Exxon Mobil Corp sued the US government on Thursday, blasting as "unlawful" and "capricious" a two million US dollars fine levied against it for a three-year-old oil joint venture with Russia's Rosneft.
The US Treasury Department on Thursday morning slapped the world's largest publicly traded oil producer with the fine for "reckless disregard" of US sanctions in dealings with Russia in 2014 when Rex Tillerson, the current US Secretary of State, was Exxon's CEO.
The lawsuit and the Treasury's unusually detailed statement on Exxon's conduct represented an extraordinary confrontation between a major American company and the US government, made all the more striking because Exxon's former CEO is now in President Donald Trump's Cabinet.

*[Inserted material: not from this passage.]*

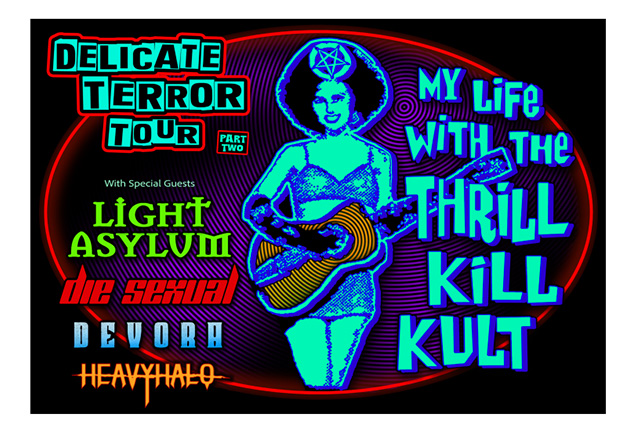 My Life With The Thrill Kill Kult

Exxon took the government to court despite the fact that the fine, the maximum allowed, would have a minor impact on the company, which made 7.84 billion US dollars in profit last year.
The fine came after a US review of deals Exxon signed with Rosneft, Russia's largest oil producer, weeks after Washington imposed sanctions on Moscow for annexing Ukraine's Crimea region.
US Treasure Department. /VCG photo
Between May 14 and May 23, 2014, top US-based Exxon executives signed eight documents with Igor Sechin, the head of state-run Rosneft, the Treasury's Office of Foreign Assets Control (OFAC) said in the statement on its website.
OFAC said Exxon had "demonstrated reckless disregard for US sanctions requirements" by signing the deals with Sechin just weeks after the United States blacklisted him, OFAC said in the three-page statement.
The Treasury imposed sanctions on Sechin in April 2014 as part of measures to pressure Russia over its intervention in Ukraine, saying Sechin had shown "utter loyalty" to Russian President Vladimir Putin.
The sanctions prohibit US citizens or people in the United States from dealing with those on the blacklist, such as Sechin. Rosneft itself is subject to narrower US sanctions that still allow Americans to deal with the company on some transactions.
Exxon said in a statement that OFAC's action was "fundamentally unfair," and sued the US government in Texas in an effort to overturn the decision. The company is based in Irving, Texas.
In its 21-page complaint, Exxon argued that Sechin "was subject to sanctions only in his individual capacity" and that guidance from the Obama administration at the time made clear that the sanctions "applied only to the 'personal assets' of the sanctioned individuals and emphasized that the sanctions did not restrict business with the companies those individuals managed."